Hello, my phellow pheroheads!
Yesterday I received Xist, along with a free ACE sample pack, compliments of the AWESOME staff at XS, and I immediately wanted to put it to the test at work with a coworker who I am crazy about, and think may like me as well. I have been using A314 as my only 'mone for years. I know *exactly* how it works for me, and I can steer it PERFECTLY. I have mastered the use of that 'mone to the point of its positive effects having become a permanent part of my personality. So, I am very sensitive to even the most subtle differences. I am very self-aware, and aware of things around me. I have also factored in a healthy level of skepticism and margin of possible false hits / confirmation bias into this review, in order to make it as balanced as possible (much like our favorite 'mones!)

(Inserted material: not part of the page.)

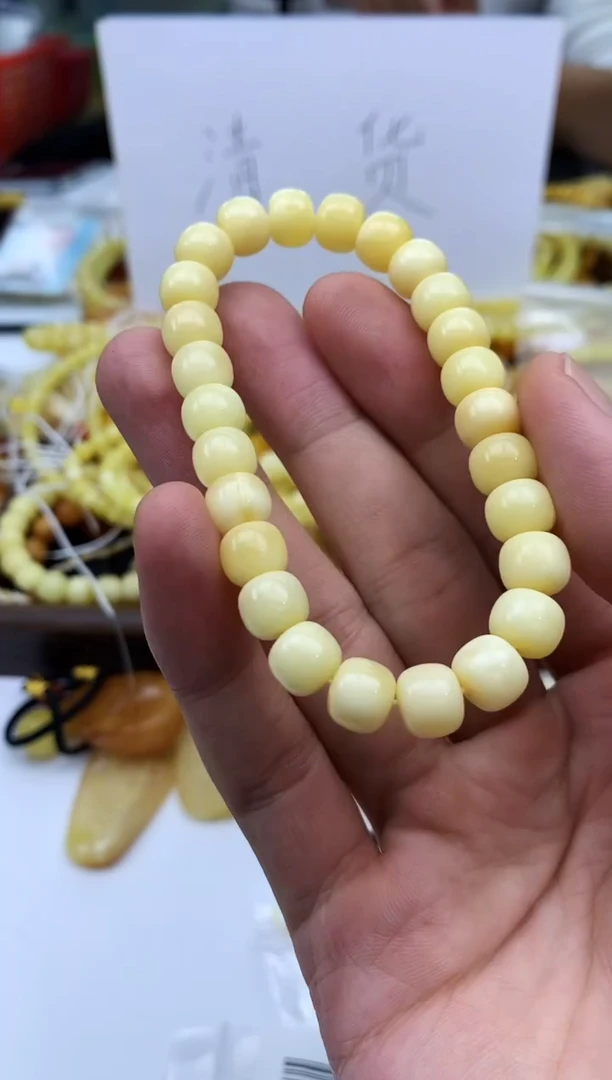 裸石蜜蜡未镶嵌手串卡8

I am a twenty seven year old man. I am used to a corporate environment, and I am used to being in charge (even when I'm not supposed to be.) I am a high-end hotel concierge.
Part one: The Commute
I put on three drops of XistXS oil just before leaving for work: Two drops on my right index finger (rubbed one drop each on the sides of my neck) and one drop on my right wrist, rubbed my wrists together. I think three drops was too much, perhaps. We will cover that shortly.
Within five minutes, I felt something, but it was difficult to articulate. It could have easily been just me projecting some mood change onto myself because I knew I was wearing 'mones (kind of like a placebo effect.) But it felt exciting.
As I was opening the front gate of our driveway to get ready to leave, a girl I know from my neighborhood walked by. I think she has a small crush on me anyway (she's seven or eight years younger than me, but very attractive) passed by and was extremely flirty with me as she said hello and walked by me. She slowed down her walk once she got by me and began to "strut her stuff" as she passed. I did not factor this into my assessment; I considered this a false hit due to confirmation bias and prior 'mone-free interaction with this girl. The exposure was not long enough to trust as a hit. Moving on.
As I was driving to work, I was in a great mood. I'm not necessarily always in a bad mood driving to work, but seldom in a great mood. Part of this is unknown- I woke up in a better mood than usual for some reason, before I even knew my package had arrived. I attribute part of it to that. But this was different. I blasted some loud EDM with all the windows down and the sunroof open and danced and sang along to all of the songs, haha.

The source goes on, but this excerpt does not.